= Misfeasance =

Types of failure to discharge public obligations under law

Misfeasance, nonfeasance, and malfeasance are types of failure to discharge public obligations existing by common law, custom, or statute.

The Carta de Logu caused Eleanor of Arborea to be remembered as one of the first lawmakers to set up the crime of misfeasance.

==Definition and relevant rules of law==
When a contract creates a duty that does not exist at common law, there are three things the parties can do wrong:
- Nonfeasance is the failure to act where action is required—willfully or in neglect. Nonfeasance is similar to omission.
- Misfeasance is the willful inappropriate action or intentional incorrect action or advice.
- Malfeasance is the willful and intentional action that injures a party.

For example, if a company hires a catering company to provide drinks and food for a retirement party, and the catering company fails to show up, it is considered nonfeasance. If the catering company shows up but provides only the drinks (but not the food, which was also paid for), it is considered misfeasance. If the catering company accepts a bribe from the client's competitor to undercook the meat, thereby giving those present food poisoning, it is considered malfeasance.

The rule of law laid down is that an action in contract (ex contractu) will lie for any of the three.

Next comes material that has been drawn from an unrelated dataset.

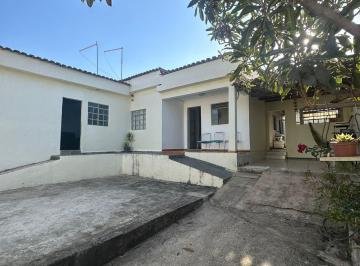 Casa de 3 quartos, Ribeirão das Neves · Imóvel à venda no Bairro Veneza em Ribeirão das Neves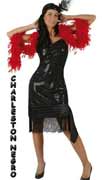 REF 96768 / 16.95 € / Talla M de adulto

However, an action in tort (ex delicto) will lie only in misfeasance or malfeasance. The doctrine was formerly applied to certain callings carried on publicly.

Currently, the terms misfeasance and nonfeasance are most often used with reference to the conduct of municipal authorities with reference to the discharge of their statutory obligations; and it is an established rule that an action lies in favour of persons injured by misfeasance, by negligence in discharge of the duty but that in the case of nonfeasance the remedy is not by action but by indictment or mandamus or by the particular procedure prescribed by the statutes.

This rule is fully established in the case of failure to repair public highways, but in other cases, the courts are astute to find evidence of carelessness in the discharge of public duties and on that basis to award damages to individuals who have suffered.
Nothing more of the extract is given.